TO DO: Pictures in the entries below are excluded; copy only the lines from the one containing "Hi, I'm Stuart" to the one containing "Assalamu alaykum wa", both included.

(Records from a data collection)
○ ○ ○

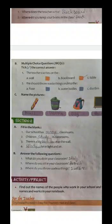Section two A, fill in the blanks. Our school has many classrooms. Children study in classrooms. There is a big blackboard on the wall. Windows let in light and air.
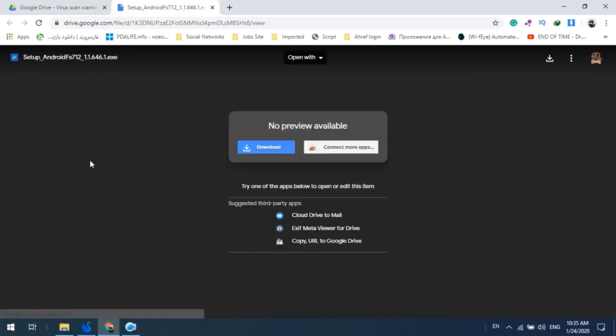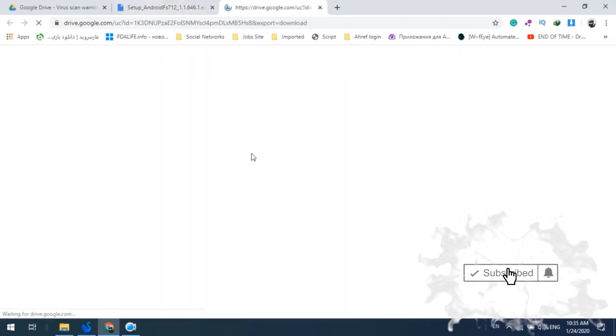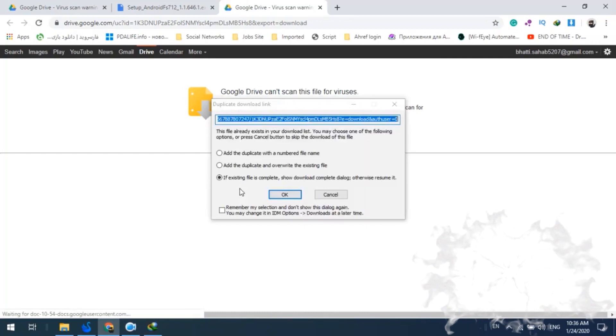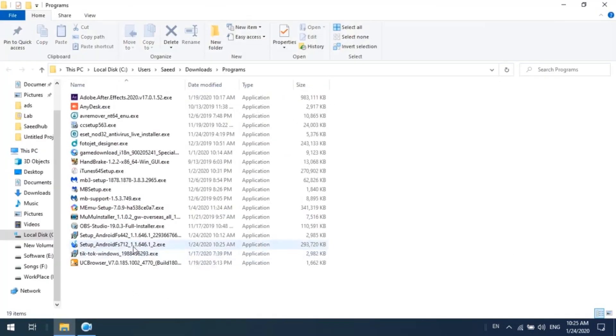You also can use a mouse and video. We will download the software and upload it. We will run it and install it. Click on this link in the description.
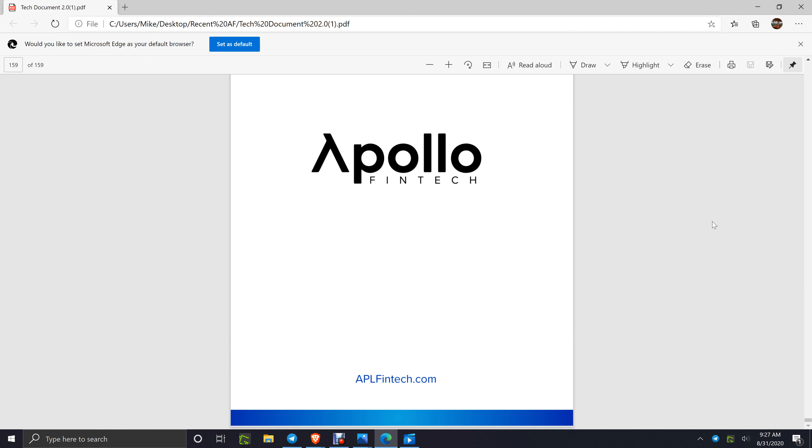Could I play that twice or three times? Sure I could. 9:27 a.m. Eastern Standard Time on 8/31/2020.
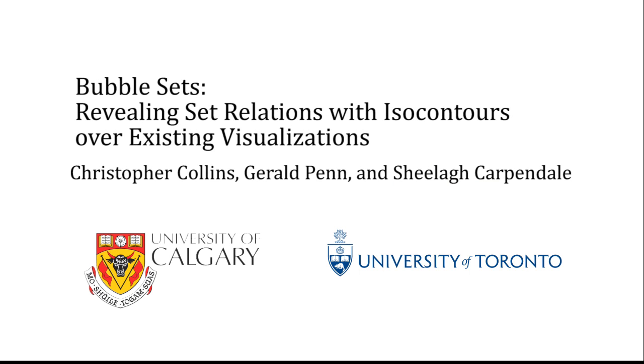In this video, we have presented bubble sets, a method for visualizing set relations over existing visualizations without modifying their spatial layout.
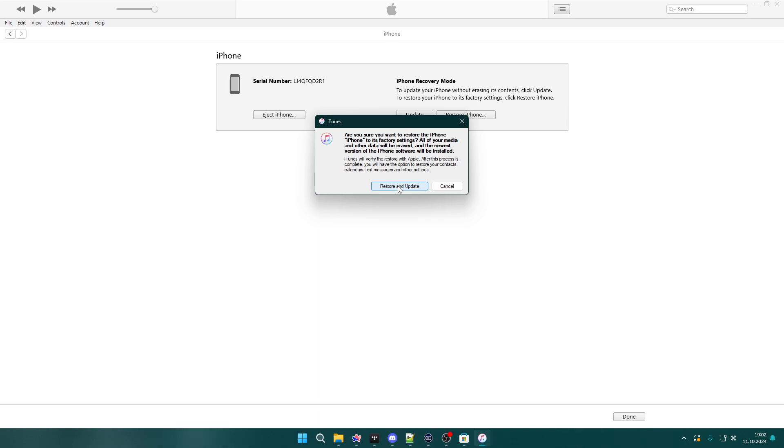And once it is done, you should be able to configure your iPhone again. And that's pretty much it.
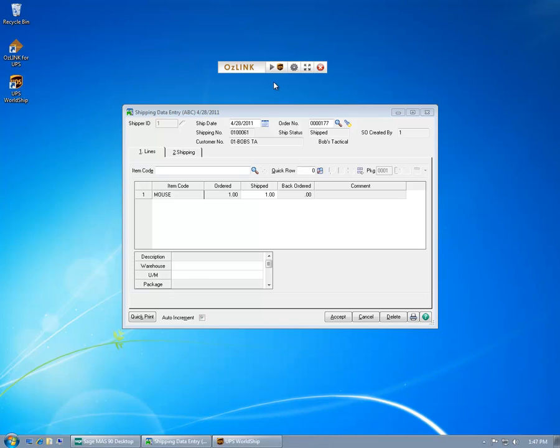Welcome to the AusLink for UPS shipping demonstration for MAS90 and MAS200 users. Here you'll see my MAS90 shipping data entry window is open.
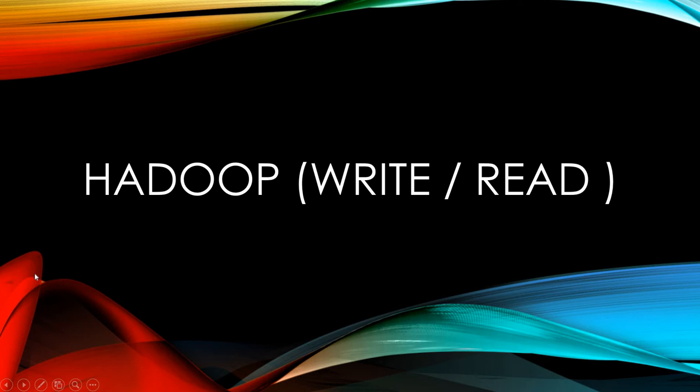Hi everyone. Today I will explain how Hadoop writes and reads data on HDFS as easy as possible.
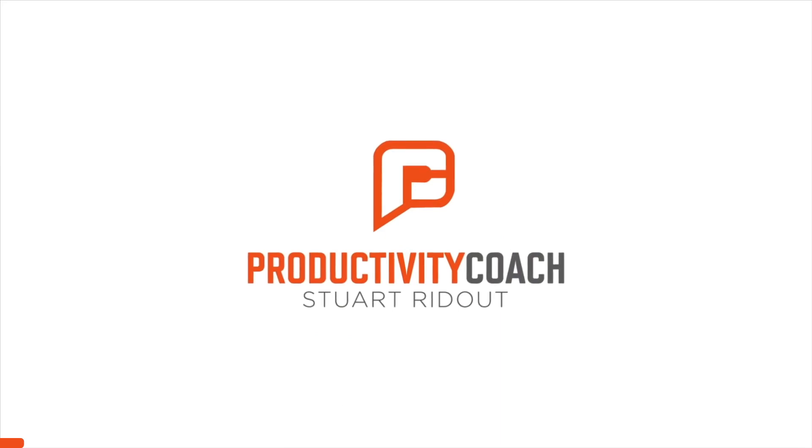Hi, I'm Stuart Redout, the Productivity Coach, and I work at Microsoft as part of our Modern Work AI and the Ecosystem team.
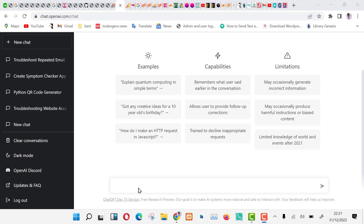So today we are going to create a movie scraping application using ChatGPT. We shall be scraping Fmovies, the biggest pirated movie database on the internet.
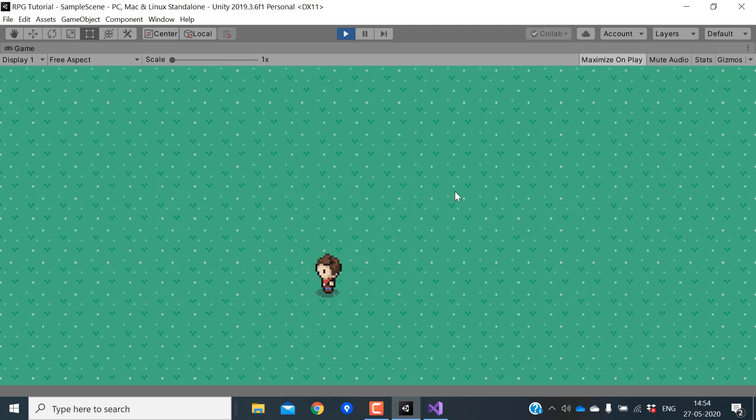Now let's test the game. You can see that the animations are being played correctly. In the next part we will look at how to add more objects to our tile map and create a town scene. If you found this video helpful, please hit that subscribe button — that'll mean a lot to me. See you in the next video!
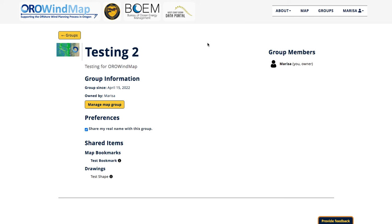So that's a brief introduction to how to use the groups feature for Oro Windmap. We hope you enjoy.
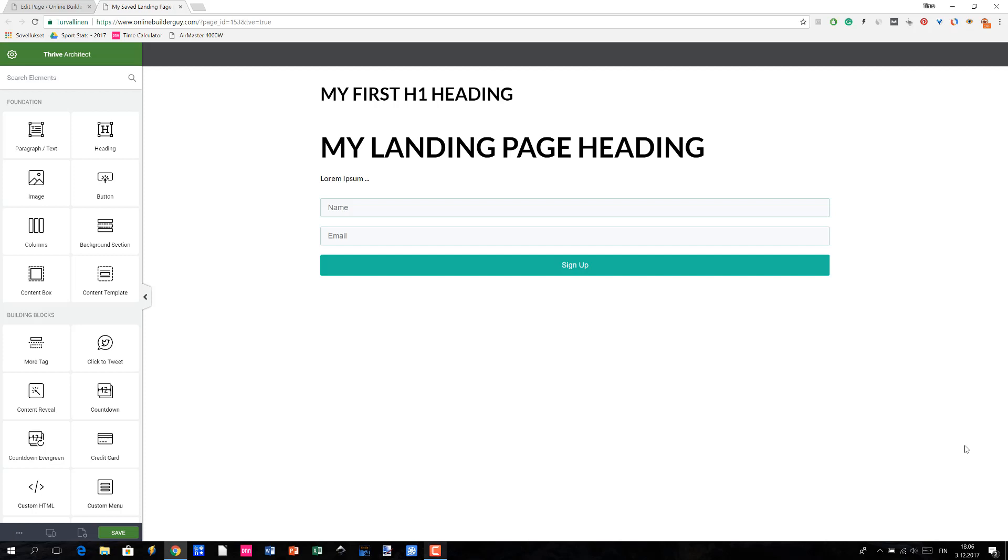Anyway, this was a demonstration related to creating brand new landing pages with Thrive Architect. So thanks for watching and I will get back to you soon. Bye bye.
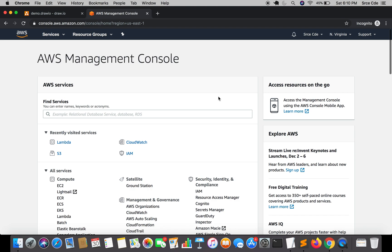Earlier it was not straightforward to control the retry behavior of the Lambda function, but now we have a feature or option called Retry Attempts within the Lambda console and we can easily configure it. Let's have a look.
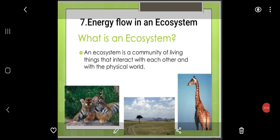Assalamu alaykum wa rahmatullahi wa barakatuh. Dear students, welcome back to this online lecture series of Hira English School Standard 9. So in Science 2, we have finished with Chapter No. 6, Classification of Plants. And now today we are going to start with Chapter No. 7, Energy Flow in an Ecosystem.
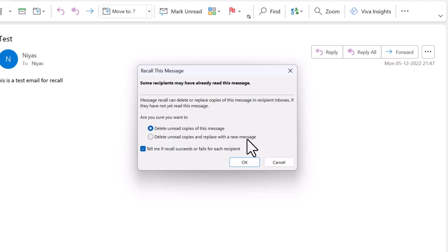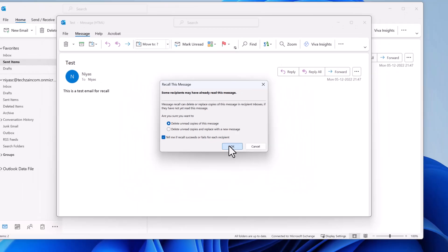When you select send, the original email message will be deleted from the recipient's mailbox and replaced with the newly edited one. Select the tell me if recall succeeds or fails for each recipient checkbox. Select OK.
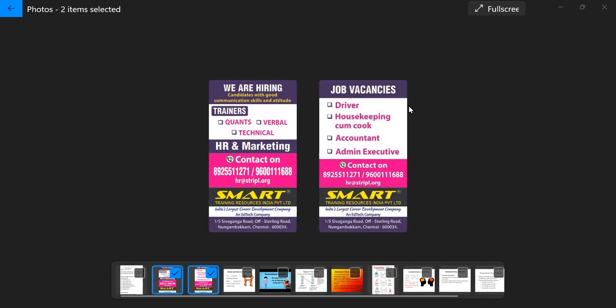So those who feel they will fit into that job, you are requested to apply through email, follow it up with phone calls and the numbers given. Thank you. Best wishes. Bye.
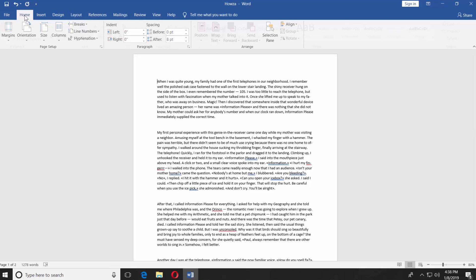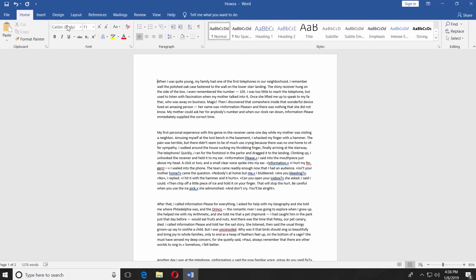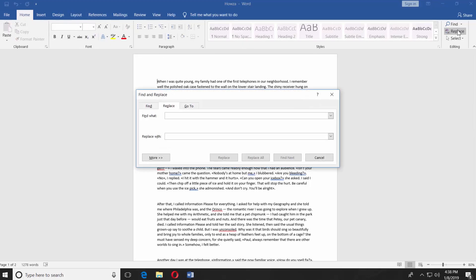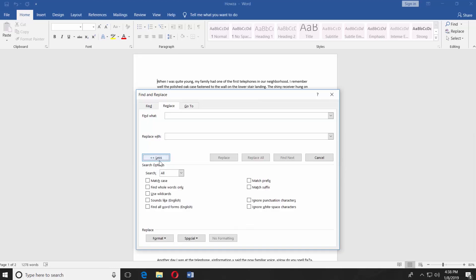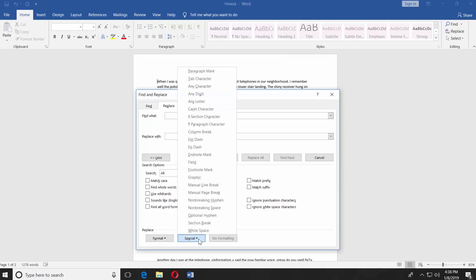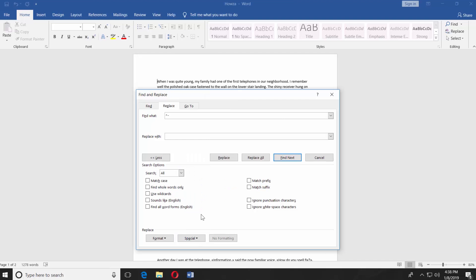Go to the Home tab and choose Replace. Click on More in the new window. Click on Special. Choose Optional Hyphen. Click on Replace All. Click OK.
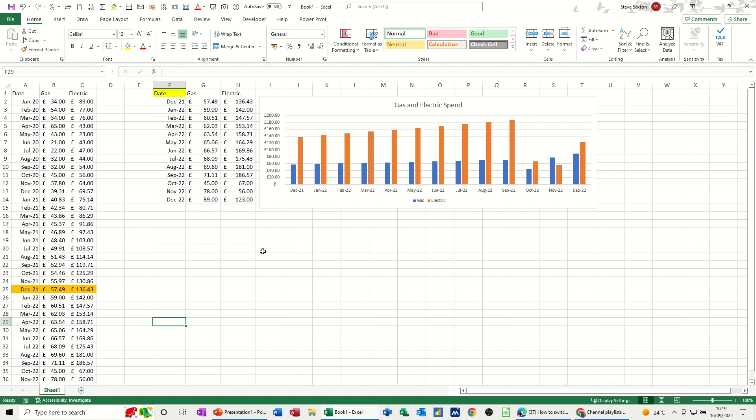So that's just a very quick video. How you can create a dynamic graph where it automatically updates when you input the data. So hopefully, I hope you found that useful. Thank you for your time. I'll catch you in the next one.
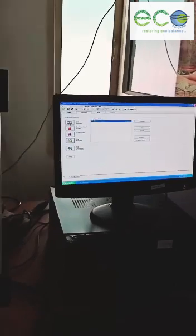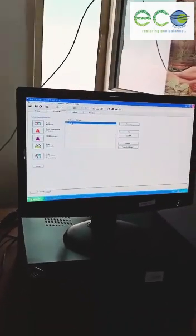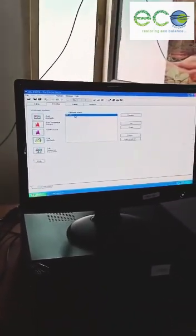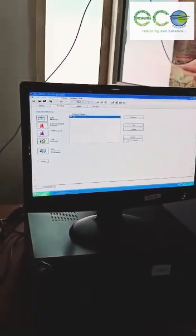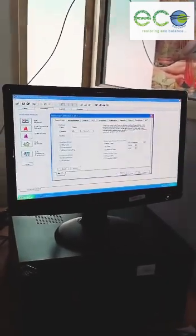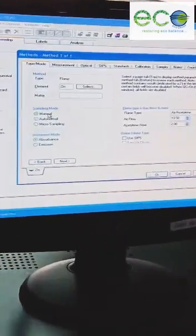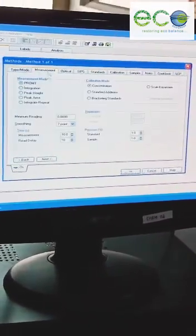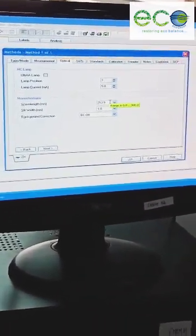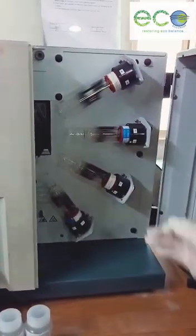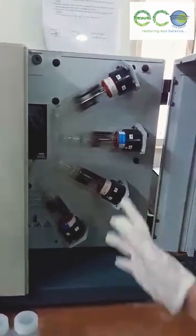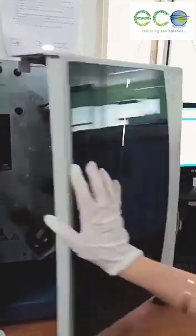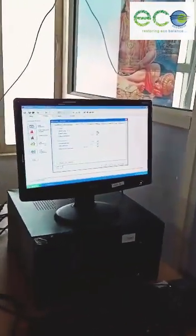We will open this software and select the metal that we want to analyze. Here we want to analyze Zinc. We will do all the settings from Edit Methods. We will set it to manual. Here are the lamps — these are the multi-element lamps. Zinc is positioned on number 3, so we will mention number 3 here.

○ ○ ○

RESULT OF THE TASK:
Hi, I'm Stuart Redout, the Productivity Coach, and I work at Microsoft as part of our Modern Work AI and the Ecosystem team.
So today we are going to create a movie scraping application using ChatGPT. We shall be scraping Fmovies, the biggest pirated movie database on the internet.
Now let's test the game. You can see that the animations are being played correctly. In the next part we will look at how to add more objects to our tile map and create a town scene. If you found this video helpful, please hit that subscribe button — that'll mean a lot to me. See you in the next video!
So that's a brief introduction to how to use the groups feature for Oro Windmap. We hope you enjoy.
Anyway, this was a demonstration related to creating brand new landing pages with Thrive Architect. So thanks for watching and I will get back to you soon. Bye bye.
Earlier it was not straightforward to control the retry behavior of the Lambda function, but now we have a feature or option called Retry Attempts within the Lambda console and we can easily configure it. Let's have a look.
Assalamu alaykum wa rahmatullahi wa barakatuh. Dear students, welcome back to this online lecture series of Hira English School Standard 9. So in Science 2, we have finished with Chapter No. 6, Classification of Plants. And now today we are going to start with Chapter No. 7, Energy Flow in an Ecosystem.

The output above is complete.